A research team, led by Dr. Hosun Shin from the Interdisciplinary Materials Measurement Institute at the Korea Research Institute of Standards and Science and Professor Jae Yong Song's team from the Department of Semiconductor Engineering at Pohang University of Science and Technology has developed a long-life organic electrode that has potential to expedite the commercialization of next-generation secondary batteries.

Electrodes in lithium-ion secondary batteries, commonly used in electric vehicles and other applications, predominantly comprise inorganic materials such as nickel, cobalt, manganese, and aluminum. These mineral resources have limited reserves, and their supply can become unstable depending on the international geopolitical situation.

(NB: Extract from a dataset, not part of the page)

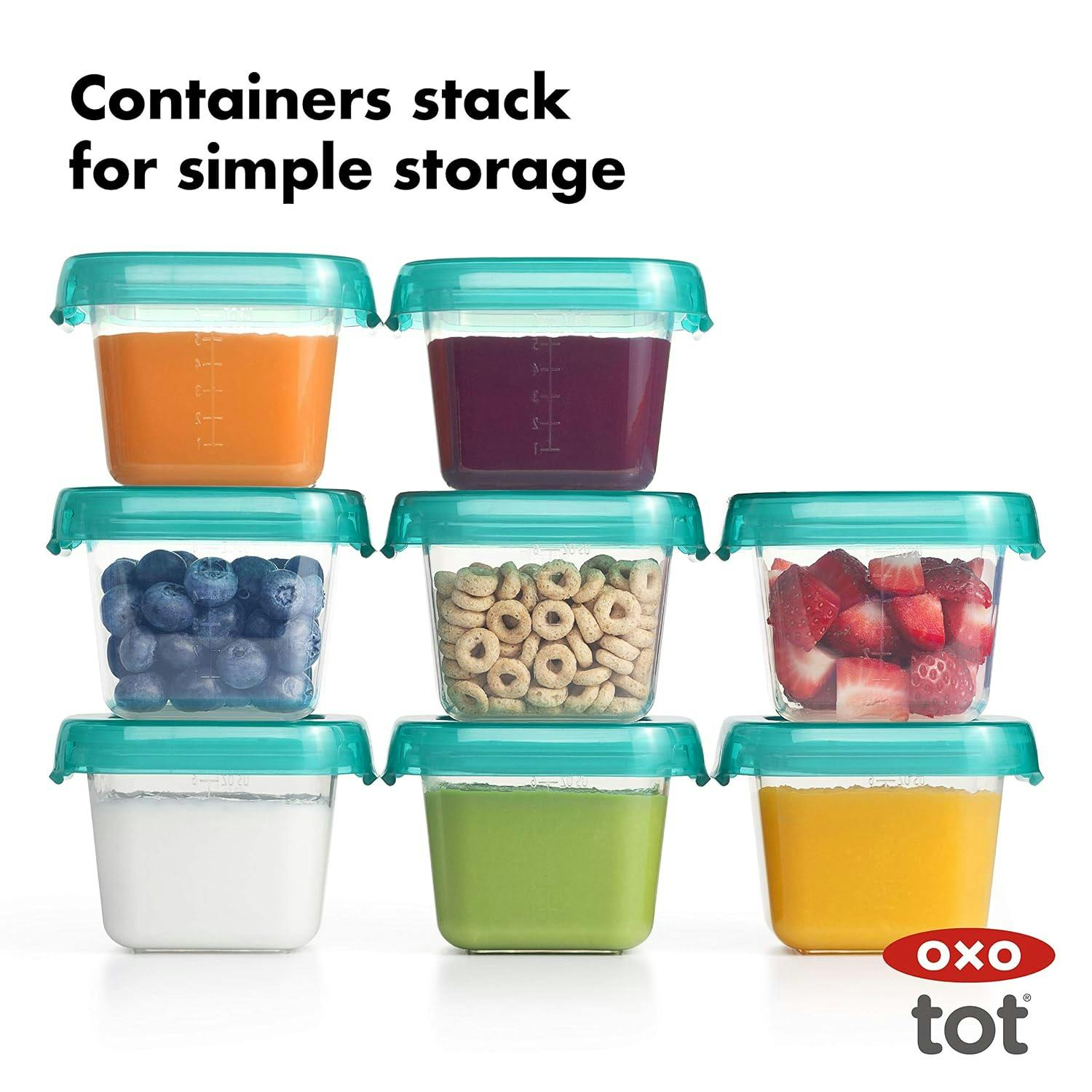 Teal 6 oz BPA-Free Plastic Baby Food Storage Set with Airtight Lids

Organic-based electrodes are considered a key technology for next-generation secondary batteries, capable of addressing the aforementioned drawbacks. Organic materials can be synthesized in large quantities, offering excellent cost competitiveness compared to inorganic materials, which require the mining of finite resources. Additionally, they have the advantage of being lightweight and flexible in relation to their capacity.

However, organic electrodes easily dissolve in the electrolyte solution within the battery when ionized during charging and discharging, leading to the rapid degradation of the battery's lifespan. To address this issue, a solution involving the chemical optimization of the structure of organic molecules was proposed. Its complicated process and low yield, however, render it impractical as an alternative.

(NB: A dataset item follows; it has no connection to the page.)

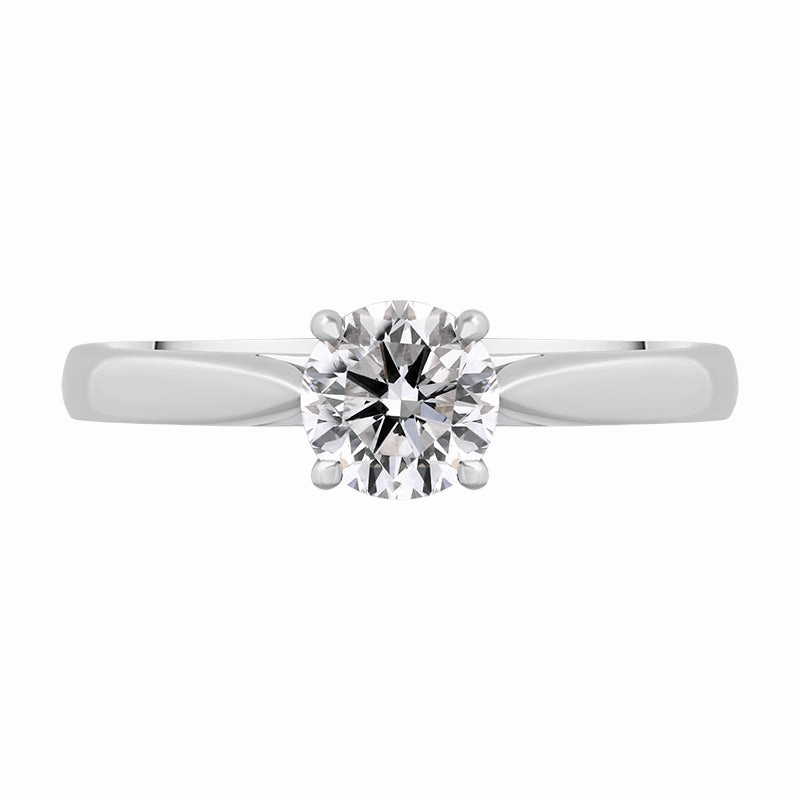 Platinum Diamond 0.77ct Round Brilliant Cut Solitaire Ring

The long-life organic electrode developed by the KRISS-POSTECH joint research team has significantly enhanced the lifespan of batteries using nano-composite materials. Its key advantage lies in the production method; being produced by physical mixing makes it more practical for commercialization than previously proposed chemical approaches.

The key to this technology is the fabrication of the nanocomposite material. Among the candidate materials for the organic electrodes, the research team chose DMPZ, a material with high energy density, and PTCDA, a material with excellent electrochemical stability. The research team carried out an experiment with this composite made by cryo-milling, and the results showed that the mutual charge transfer of the two materials helped maintain an electrically neutral state.

Approximately 90% of the initial capacity was retained after 650 cycles of charge and discharge, and outstanding performance was observed even during high-speed charging and discharging. On the other hand, the DMPZ-only electrode exhibited a 20% decrease in lifespan within the first five charge and discharge cycles.

Furthermore, the research team has successfully developed a pouch-type battery using the long-life organic electrode, demonstrating the potential contribution of their work to the commercialization of flexible lithium secondary batteries.

In addition to its application to secondary batteries, this new achievement can contribute to various fields, for example, water electrolysis and gas sensors, by enhancing the electrochemical stability and lifespan of organic-based electrodes.

Dr. Hosun Shin, the leader of the KRISS Smart Devices Team, stated, "For a successful transition to green energy, it is crucial to drive innovation in materials to surpass the limitations of existing secondary batteries. We anticipate that our work will expedite the commercialization of next-generation secondary batteries and encourage future research on organic electrodes across various fields."

The study is published in the journal Energy Storage Materials.